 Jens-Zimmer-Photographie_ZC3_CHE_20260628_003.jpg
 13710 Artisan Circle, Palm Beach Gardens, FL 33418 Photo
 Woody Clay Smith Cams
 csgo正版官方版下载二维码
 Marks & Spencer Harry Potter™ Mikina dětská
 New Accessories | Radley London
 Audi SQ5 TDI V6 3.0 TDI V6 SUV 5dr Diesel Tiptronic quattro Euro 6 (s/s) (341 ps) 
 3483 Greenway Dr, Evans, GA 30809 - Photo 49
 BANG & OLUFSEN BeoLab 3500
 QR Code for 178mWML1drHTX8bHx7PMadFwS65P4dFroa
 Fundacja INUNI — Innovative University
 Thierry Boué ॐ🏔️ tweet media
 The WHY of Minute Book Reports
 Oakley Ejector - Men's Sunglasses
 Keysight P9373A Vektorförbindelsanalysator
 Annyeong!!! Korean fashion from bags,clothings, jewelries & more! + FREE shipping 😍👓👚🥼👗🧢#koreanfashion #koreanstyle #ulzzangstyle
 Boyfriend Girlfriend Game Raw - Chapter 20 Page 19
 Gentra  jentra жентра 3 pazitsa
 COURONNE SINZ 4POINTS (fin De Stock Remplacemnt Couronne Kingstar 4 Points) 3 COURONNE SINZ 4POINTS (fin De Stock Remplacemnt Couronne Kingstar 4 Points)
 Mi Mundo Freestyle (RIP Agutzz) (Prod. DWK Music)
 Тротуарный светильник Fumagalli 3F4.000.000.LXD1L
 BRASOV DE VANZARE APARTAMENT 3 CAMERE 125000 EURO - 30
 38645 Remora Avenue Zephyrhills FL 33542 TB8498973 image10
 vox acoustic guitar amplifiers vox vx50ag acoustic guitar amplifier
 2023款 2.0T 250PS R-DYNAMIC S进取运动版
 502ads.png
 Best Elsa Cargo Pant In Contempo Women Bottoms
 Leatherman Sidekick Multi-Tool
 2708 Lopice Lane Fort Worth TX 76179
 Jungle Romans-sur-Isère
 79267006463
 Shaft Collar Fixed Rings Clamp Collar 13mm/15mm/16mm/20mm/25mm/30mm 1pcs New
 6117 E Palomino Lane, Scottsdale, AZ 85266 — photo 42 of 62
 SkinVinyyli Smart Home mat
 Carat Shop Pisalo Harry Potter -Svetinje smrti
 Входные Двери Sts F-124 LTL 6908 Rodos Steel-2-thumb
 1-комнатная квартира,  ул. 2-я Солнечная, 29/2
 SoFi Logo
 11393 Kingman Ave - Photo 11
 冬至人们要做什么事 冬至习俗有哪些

────

* _Description of the task_: Your answer should be the lines above from the one containing "Oakley Ejector - Men's Sunglasses" through the one containing "Shaft Collar Fixed", copied exactly and with both ends kept.

* _Worked solution_:
 Oakley Ejector - Men's Sunglasses
 Keysight P9373A Vektorförbindelsanalysator
 Annyeong!!! Korean fashion from bags,clothings, jewelries & more! + FREE shipping 😍👓👚🥼👗🧢#koreanfashion #koreanstyle #ulzzangstyle
 Boyfriend Girlfriend Game Raw - Chapter 20 Page 19
 Gentra  jentra жентра 3 pazitsa
 COURONNE SINZ 4POINTS (fin De Stock Remplacemnt Couronne Kingstar 4 Points) 3 COURONNE SINZ 4POINTS (fin De Stock Remplacemnt Couronne Kingstar 4 Points)
 Mi Mundo Freestyle (RIP Agutzz) (Prod. DWK Music)
 Тротуарный светильник Fumagalli 3F4.000.000.LXD1L
 BRASOV DE VANZARE APARTAMENT 3 CAMERE 125000 EURO - 30
 38645 Remora Avenue Zephyrhills FL 33542 TB8498973 image10
 vox acoustic guitar amplifiers vox vx50ag acoustic guitar amplifier
 2023款 2.0T 250PS R-DYNAMIC S进取运动版
 502ads.png
 Best Elsa Cargo Pant In Contempo Women Bottoms
 Leatherman Sidekick Multi-Tool
 2708 Lopice Lane Fort Worth TX 76179
 Jungle Romans-sur-Isère
 79267006463
 Shaft Collar Fixed Rings Clamp Collar 13mm/15mm/16mm/20mm/25mm/30mm 1pcs New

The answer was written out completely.